Repeat the entries without change, omitting the pictures.

====

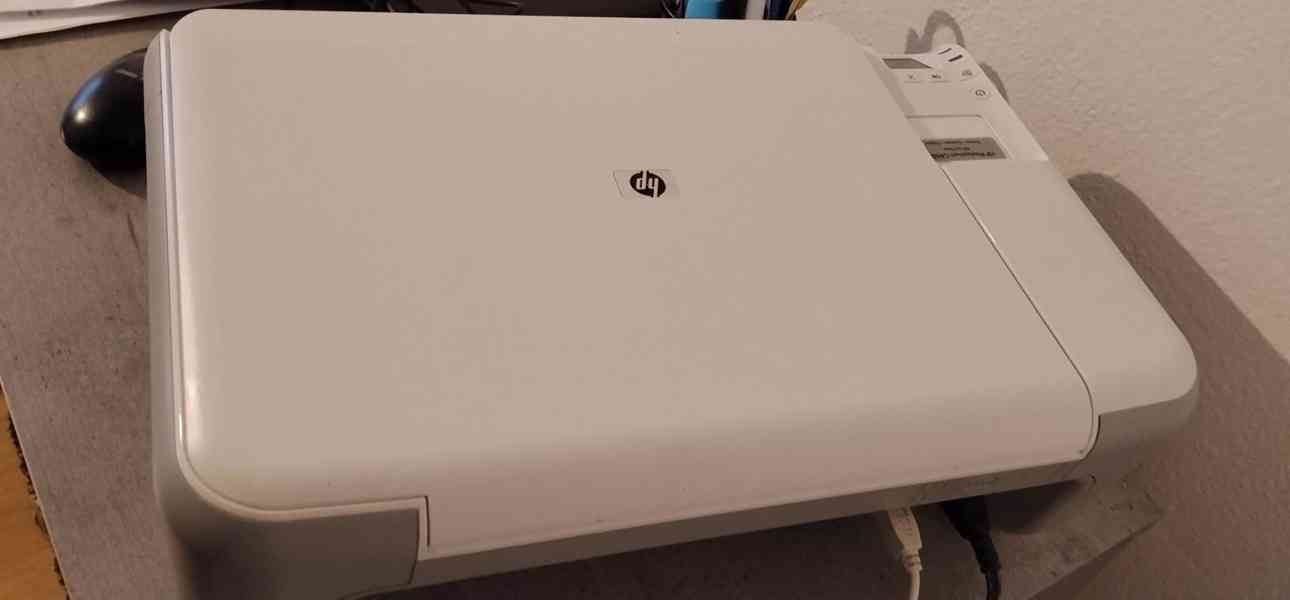 Prodám tiskárnu - foto 3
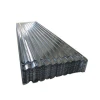 Made in China Steel Galvanized Roofing Sheet Corrugated Price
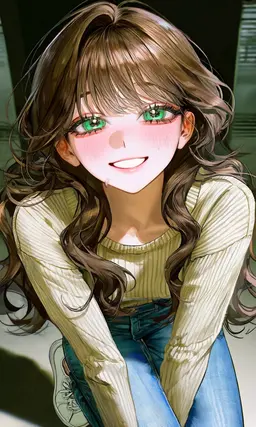 Profile image of Natsumi Hiyori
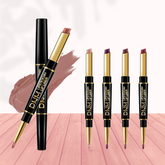 Long Lasting Korean Matte Lip Tint Pencil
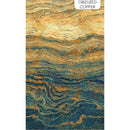 Northcott Stonehenge Ombre II Oxidized Copper Fabric
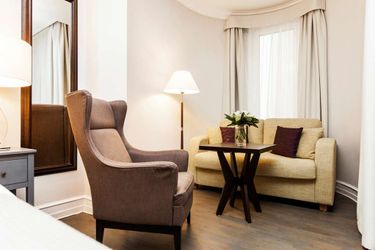 Elite Hotel Savoy Malmo: Photo 
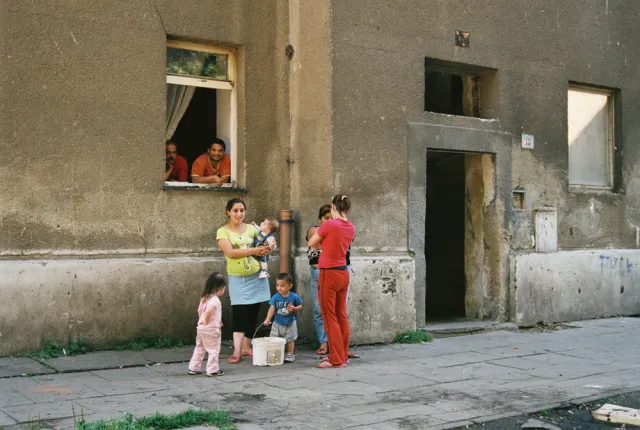 RPO złożył apelację w sprawie eksmisji Romów z Limanowej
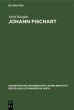 Johann Fischart (eBook, PDF) - Bild 1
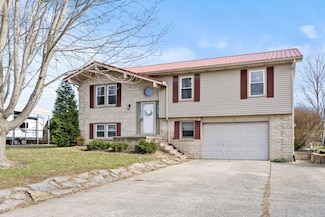 362 Peachtree Dr, Berea, KY 40403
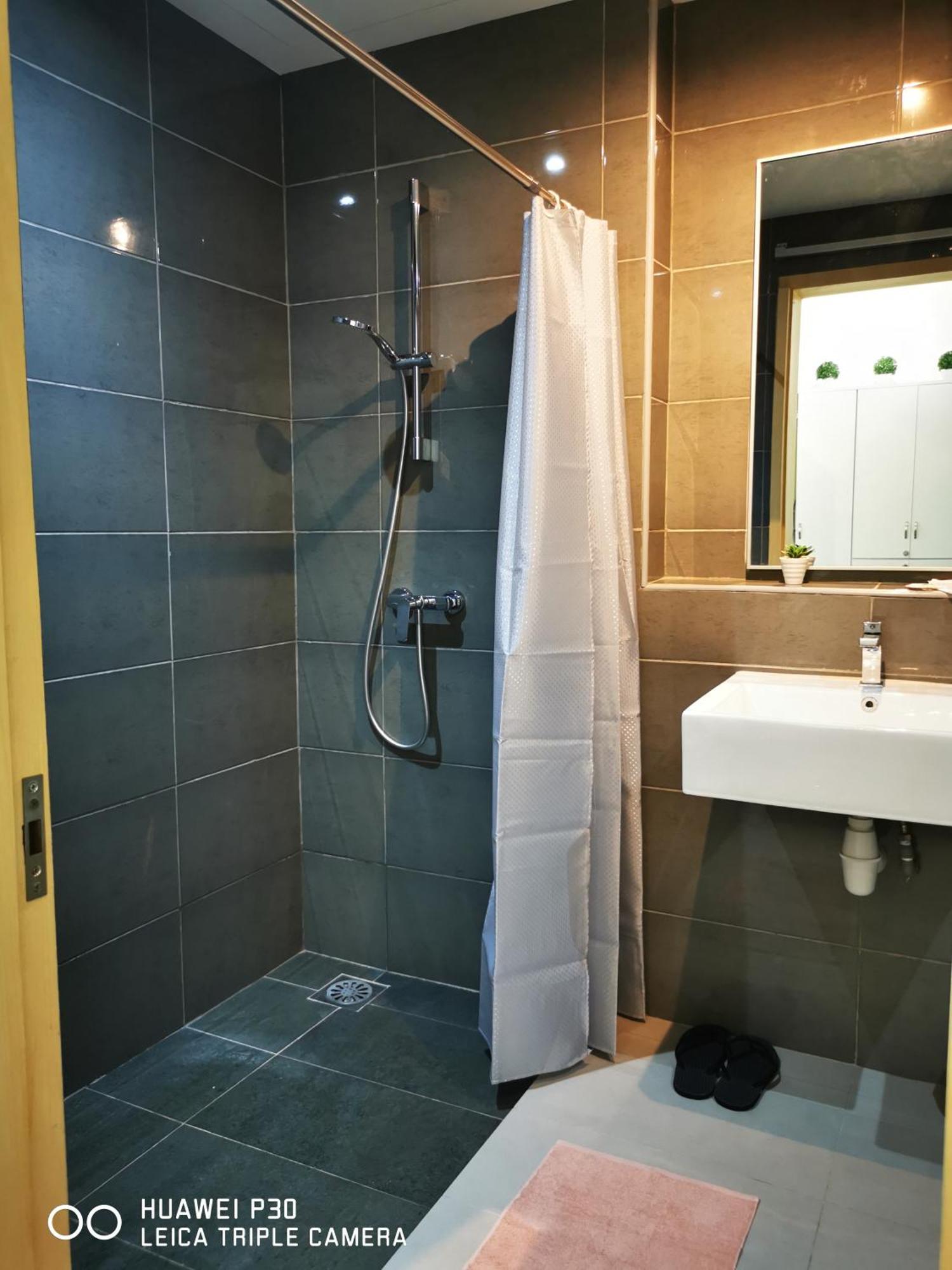 Leisure2 Imperium Residence Kuantan Seaview Studio Exterior photo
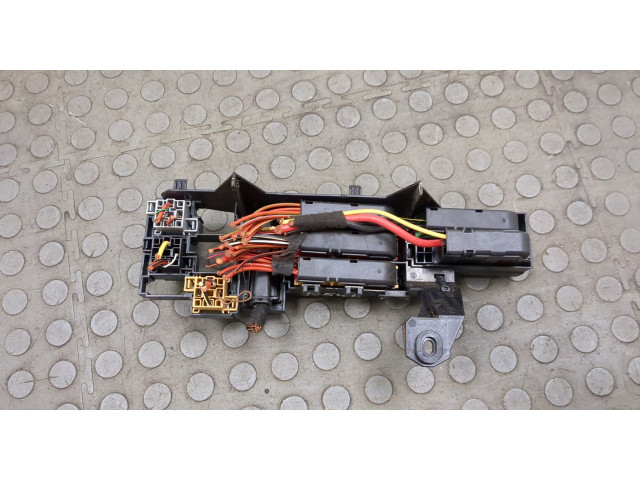 Блок предохранителей Audi A7 2010-2018 4G0971845A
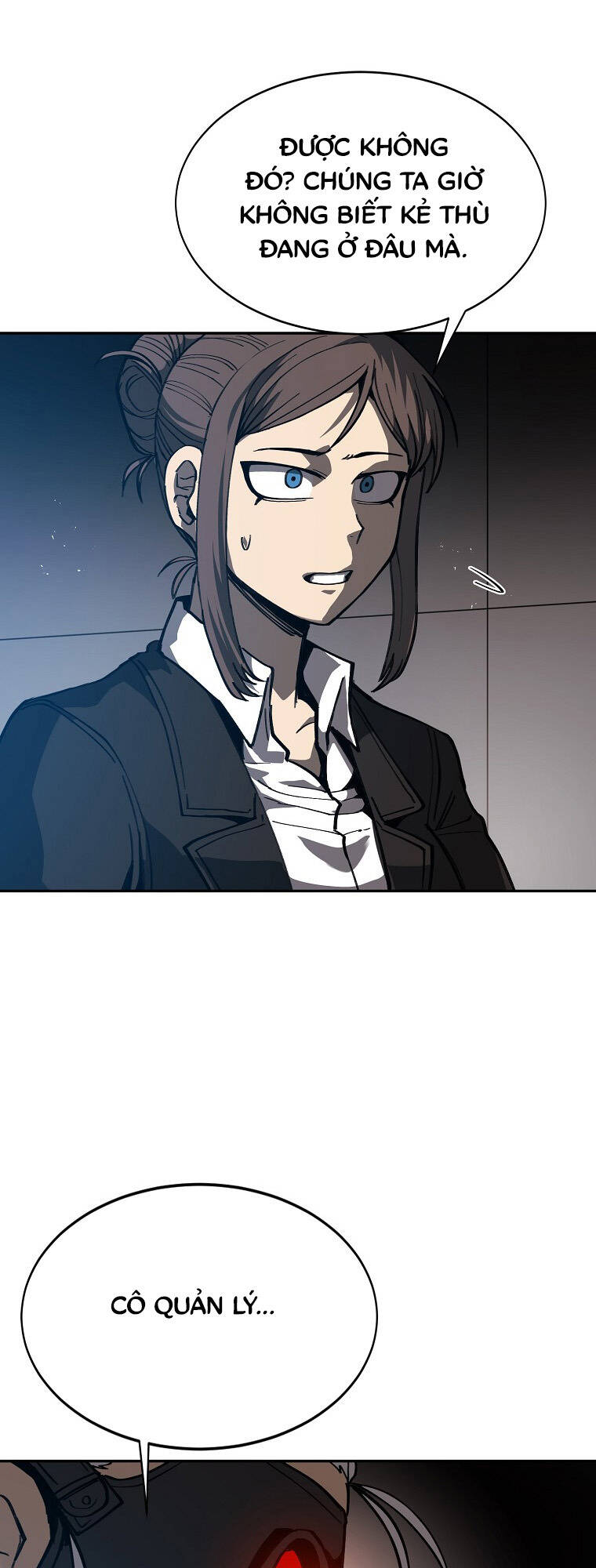 Quận 12 Chap 5 - Next Chap 6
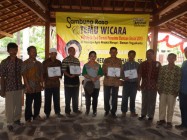 Manfaatkan Masa Reses Anggota DPRI…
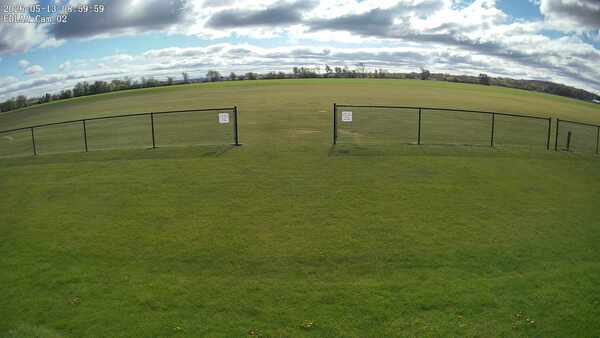 East Camera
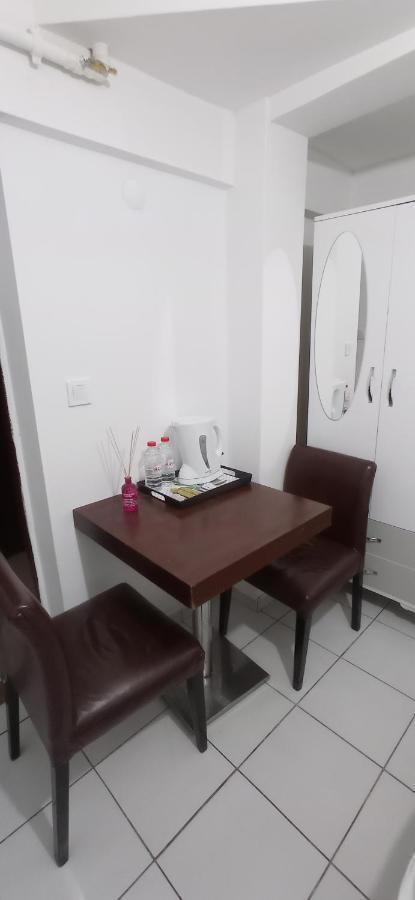 Sevil New Apartment Istanbul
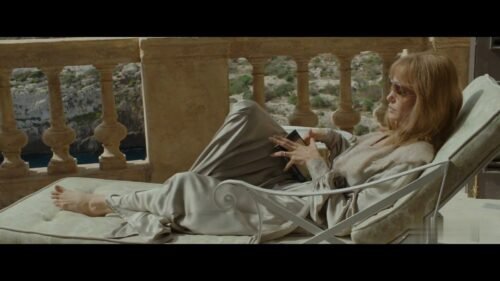 Angelina Jolie Feet Toes And Soles 504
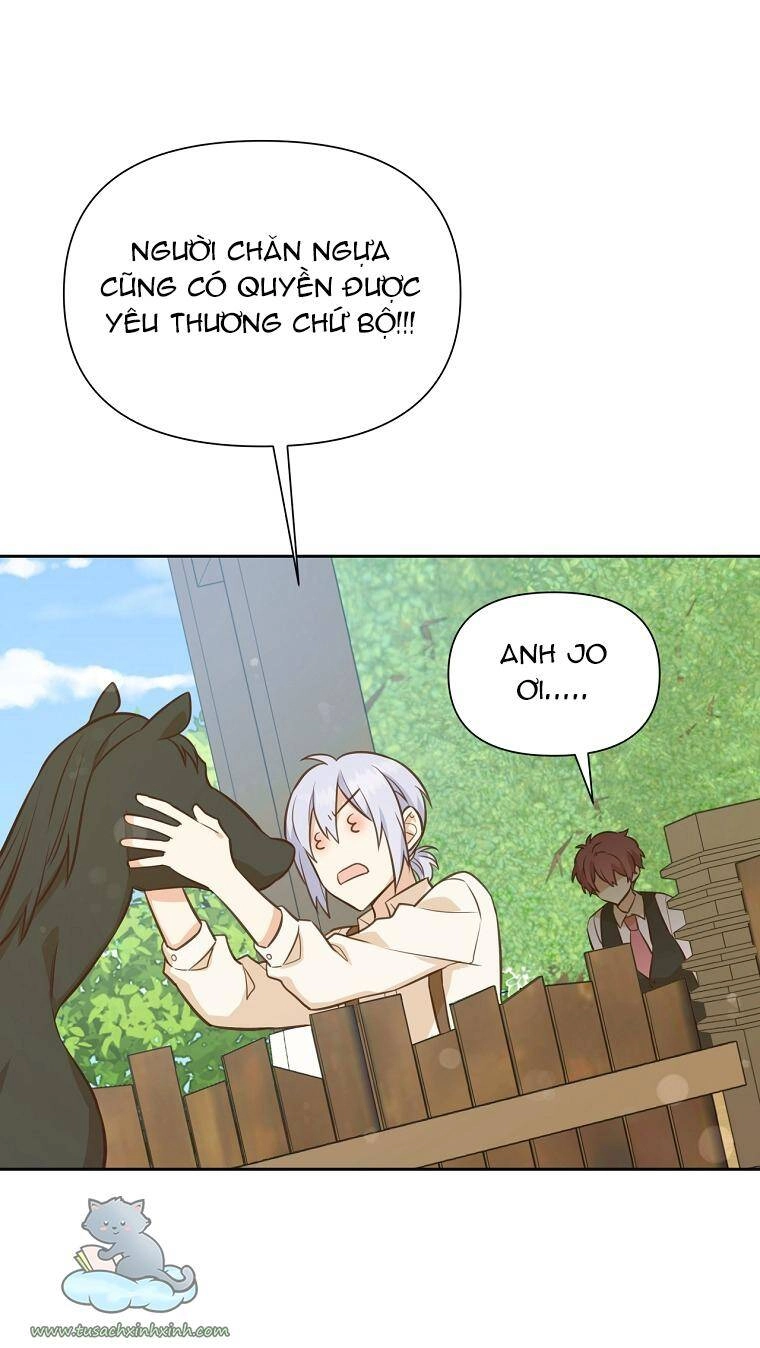 Yêu Tôi Đi, Dù Sao Ngài Cũng Chỉ Là Nhân Vật Phụ Chapter 30 - 67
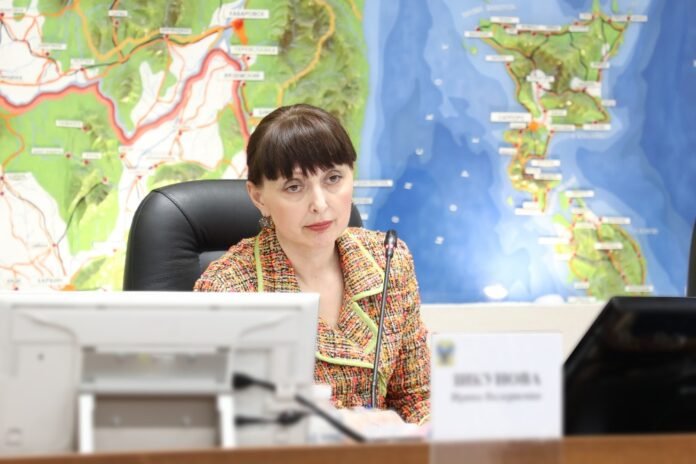 From China to Donbass: with whom the Khabarovsk Territory Duma has established ties - Rossiyskaya Gazeta

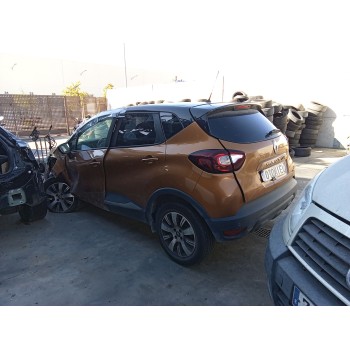 renault captur i (j5_, h5_) del año 2024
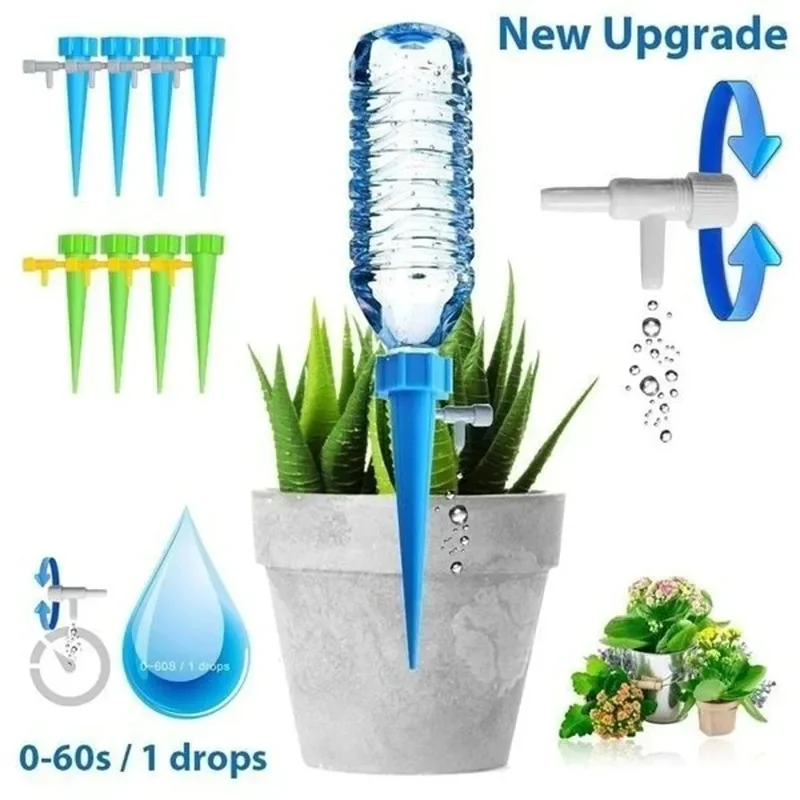 جهاز ري الحدائق Smart Drip Irr - Smart Urban Garden reseña y precio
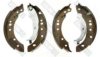 GIRLING 5187691 Brake Shoe Set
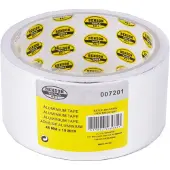 2Heat Aluminiumtape, 40mm, 10mtr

====

▶ TASK RESULT:
 Prodám tiskárnu - foto 3
 Made in China Steel Galvanized Roofing Sheet Corrugated Price
 Profile image of Natsumi Hiyori
 Long Lasting Korean Matte Lip Tint Pencil
 Northcott Stonehenge Ombre II Oxidized Copper Fabric
 Elite Hotel Savoy Malmo: Photo 
 RPO złożył apelację w sprawie eksmisji Romów z Limanowej
 Johann Fischart (eBook, PDF) - Bild 1
 362 Peachtree Dr, Berea, KY 40403
 Leisure2 Imperium Residence Kuantan Seaview Studio Exterior photo
 Блок предохранителей Audi A7 2010-2018 4G0971845A
 Quận 12 Chap 5 - Next Chap 6
 Manfaatkan Masa Reses Anggota DPRI…
 East Camera
 Sevil New Apartment Istanbul
 Angelina Jolie Feet Toes And Soles 504
 Yêu Tôi Đi, Dù Sao Ngài Cũng Chỉ Là Nhân Vật Phụ Chapter 30 - 67
 From China to Donbass: with whom the Khabarovsk Territory Duma has established ties - Rossiyskaya Gazeta

 renault captur i (j5_, h5_) del año 2024
 جهاز ري الحدائق Smart Drip Irr - Smart Urban Garden reseña y precio
 GIRLING 5187691 Brake Shoe Set
 2Heat Aluminiumtape, 40mm, 10mtr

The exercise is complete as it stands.